A Ruby-based parsing DSL based on parsing expression grammars.

https://cjheath.github.io/treetop

MIT License

306 stars 22 forks source link

Store terminal failures as TerminalParseFailures #26

Closed sds closed 9 years ago

sds commented 9 years ago

When attempting to print out a failure message using failure_reason for my tiny personal project propose[1], I was encountering the following error:

NoMethodError: undefined method `unexpected' for [0, "[a-z]", false]:Array> with backtrace

This started happening after upgrading to treetop 1.6.0+.

It looks like the problem here is that terminal failures are stored in @terminal_failures as tuples, and when you call terminal_failures it does a check to see if the first item is a TerminalParseFailure, and converts the list if it isn't. However, if you call terminal_failures multiple times, it's possible other errors were added, and so you'll have a mixture of Array tuples and TerminalParseFailures.

The fix is to store them as TerminalParseFailures when the failure is first encountered in terminal_parse_failure. It's not overly expensive and allows us to avoid this unnecessary complexity.

[1] https://github.com/sds/propose

sds commented 9 years ago

Looks like @terminal_failures is already cleared on each run (https://github.com/cjheath/treetop/blob/e30bd4868021c289fae6f5a1dc1f5b2d197c72ab/lib/treetop/runtime/compiled_parser.rb#L74).

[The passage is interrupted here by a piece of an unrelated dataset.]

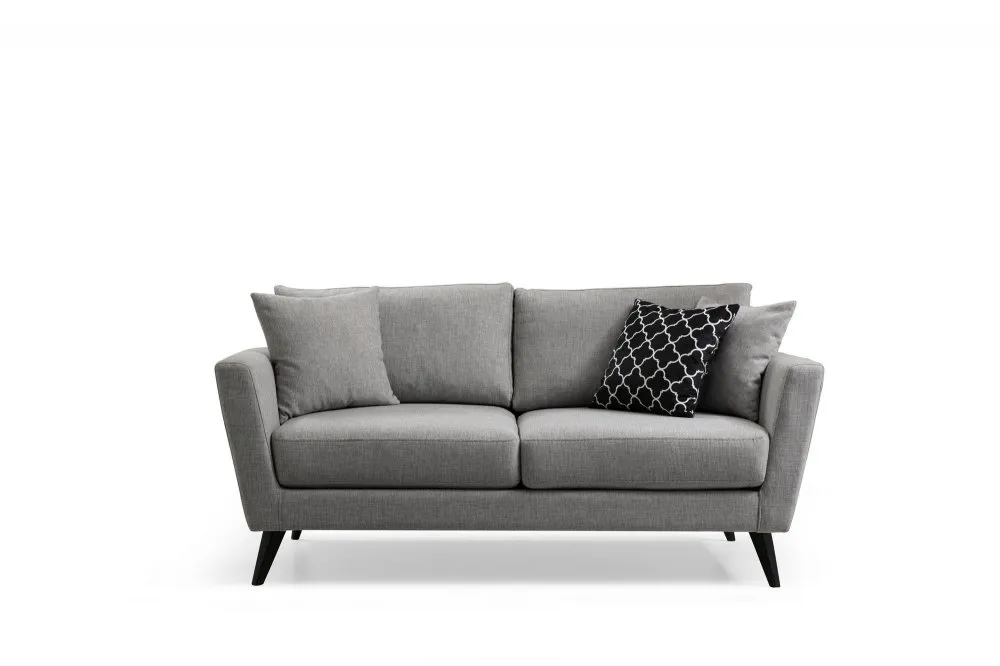 Sofa Mayorka 2 Seater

I'm honestly not sure what I'm doing to cause this behavior. FWIW, I think this change makes sense even if this weren't an issue, since it seems a bit odd to store parse errors this way, and this pull request actually reduces complexity/LOC IMHO.

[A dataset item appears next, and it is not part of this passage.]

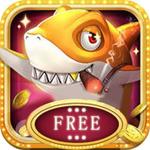 Fishing(Catch Fish Online Joy) icon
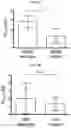 Fig. 11 - COMPOSITIONS AND METHODS FOR TREATING RAS-MUTANT CANCERS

If you're still opposed to merging, I'll try to find some time later next week to dig deeper.

cjheath commented 9 years ago

Not opposed, just want to understand so as to avoid fixing what's not broken. In the early days, TerminalParseFailures were being created for every failed terminal, now we only create them when we're at the right-most point we've reached in the input, and that saved a huge amount of time and memory. Now it's creating the Array tuple and converting it later, which probably isn't really a saving; except perhaps that Arrays are optimised in the Ruby runtime and might be quicker to create than the TPF. I don't know, as AFAIK there's been no comparative performance testing done in some years and a lot of things have changed in the Ruby runtimes.

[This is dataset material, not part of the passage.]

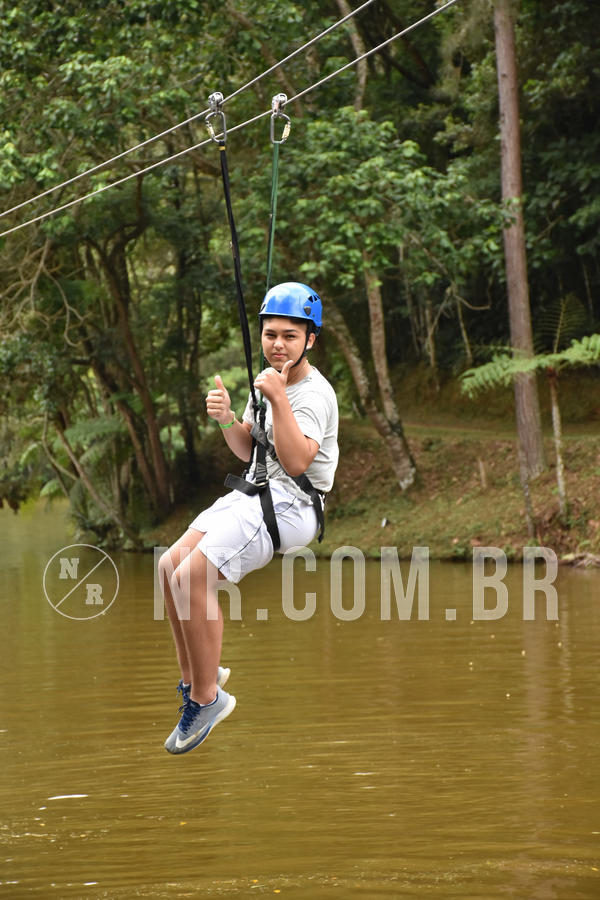 Buy your photos of the eventNR Fun - Resort Sto A. do Pinhal 04 a 08/12/19 on Fotop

I hope that explains the (historical) rationale anyhow. Whatever makes sense now will be acceptable, as long as we understand why the change is needed. So yes, if you could find time to investigate, I'd like to know.

sds commented 9 years ago

Sorry for the delay in following up on this issue.

I've dug around and it's clear that there are multiple invocations of terminal_failures happening within the code generated by Treetop during the course of the parse phase. I only call Treetop::Runtime::CompiledParser#failure_reason once (confirmed in the debugger) and yet the call to terminal_failures which converts the array of tuples is happening before that call (and thus the array ends up being a mixture of TerminalParseFailure instances and Array tuples, as described above).

If you look at Treetop::Compiler::Predicate or Treetop::Compiler::Repetition, you can clearly see terminal_failures.pop calls being generated in the code. These calls trigger the premature conversion of the array of tuples into an array of TerminalParseFailure instances, resulting in the problem described above.

Does that make sense? It seems like we can avoid the confusion by always storing an actual TerminalParseFailure instance instead of the current lazy conversion procedure, which this pull request addresses.

Interested in hearing your thoughts.

cjheath commented 9 years ago

Thanks for investigating. There is no need to call a method in order to pop terminal_parse_failures (which is needed in semantic predicates and in repetition node types). I changed the code generation to just pop @terminal_parse_failures directly to restore the original side-effect-free intention.

sds commented 9 years ago

Great, that solved the problem. Thanks!